Prove that :
$$\int_0^{1}\frac{1-\sqrt{1-x^{4}}}{x^{2}\sqrt{1-x^4}}dx=1-\frac{\sqrt{2}\pi^{\frac{3}{2}}}{\Gamma(\frac{1}{4})^2}.$$
I know how to use the definition of the Beta and Gamma functions so my problem here is when I divide the integral I find: $$\int_0^{1}\frac{1}{x^2}dx=\infty!!$$
(divergent)
I tried using $y=\frac{1}{x}$ but didn't get the answer.

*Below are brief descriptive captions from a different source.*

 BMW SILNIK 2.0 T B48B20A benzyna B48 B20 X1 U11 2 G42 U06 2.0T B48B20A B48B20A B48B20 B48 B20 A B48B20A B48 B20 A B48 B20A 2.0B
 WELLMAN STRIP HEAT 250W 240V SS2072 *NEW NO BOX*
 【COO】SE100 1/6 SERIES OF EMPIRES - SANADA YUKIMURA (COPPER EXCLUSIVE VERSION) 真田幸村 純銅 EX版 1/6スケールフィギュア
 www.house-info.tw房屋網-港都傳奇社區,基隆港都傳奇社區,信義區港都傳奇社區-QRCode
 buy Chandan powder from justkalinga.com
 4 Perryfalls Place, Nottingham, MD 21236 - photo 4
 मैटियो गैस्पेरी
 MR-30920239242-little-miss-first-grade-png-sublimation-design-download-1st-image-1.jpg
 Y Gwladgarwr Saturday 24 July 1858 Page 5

I also tried $y=x^{4}$ and got the same problem (a divergent integral).
On
Substitute $u = x^4$ to get
$$ \int_{0}^{1} \frac{1-\sqrt{1-x^4}}{x^2\sqrt{1-x^4}} \, \mathrm{d}x = \frac{1}{4} \int_{0}^{1} \frac{1-(1-u)^{1/2}}{u^{5/4}(1-u)^{1/2}} \, \mathrm{d}u. $$
Now we regularize the integral by replacing $u^{5/4}$ by $u^s$ for $s < 1$. Then
\begin{align*} \frac{1}{4} \int_{0}^{1} \frac{1-(1-u)^{1/2}}{u^{s}(1-u)^{1/2}} \, \mathrm{d}u &= \frac{1}{4}\left(B\left(1-s,\tfrac{1}{2}\right)-\frac{1}{1-s}\right) \\ &= \frac{1}{4}\left(\frac{\Gamma(1-s)\Gamma\left(\frac{1}{2}\right)}{\Gamma\left(\frac{3}{2}-s\right)}-\frac{1}{1-s}\right). \end{align*}
Note that the left-hand side defines an analytic function for $\operatorname{Re}(s) < 2$, while the right-hand side is a meromorphic function on all of $\mathbb{C}$ with the removable singularity at $s = 1$. So both sides give rise to analytic functions on $\operatorname{Re}(s) < 2$, and so, they are equal on this region by the principle of analytic continuation. Therefore we can simply plug $s = 5/4$ to get
\begin{align*} \frac{1}{4} \int_{0}^{1} \frac{1-(1-u)^{1/2}}{u^{5/4}(1-u)^{1/2}} \, \mathrm{d}u &= 1 + \frac{\Gamma\left(-\frac{1}{4}\right)\Gamma\left(\frac{1}{2}\right)}{4\Gamma\left(\frac{1}{4}\right)} \\ &= 1 - \frac{\Gamma\left(\frac{3}{4}\right)\Gamma\left(\frac{1}{2}\right)}{\Gamma\left(\frac{1}{4}\right)}, \end{align*}
which simplifies to the desired expression by Euler's reflection formula $\Gamma(z)\Gamma(1-z) = \pi\csc(\pi z)$.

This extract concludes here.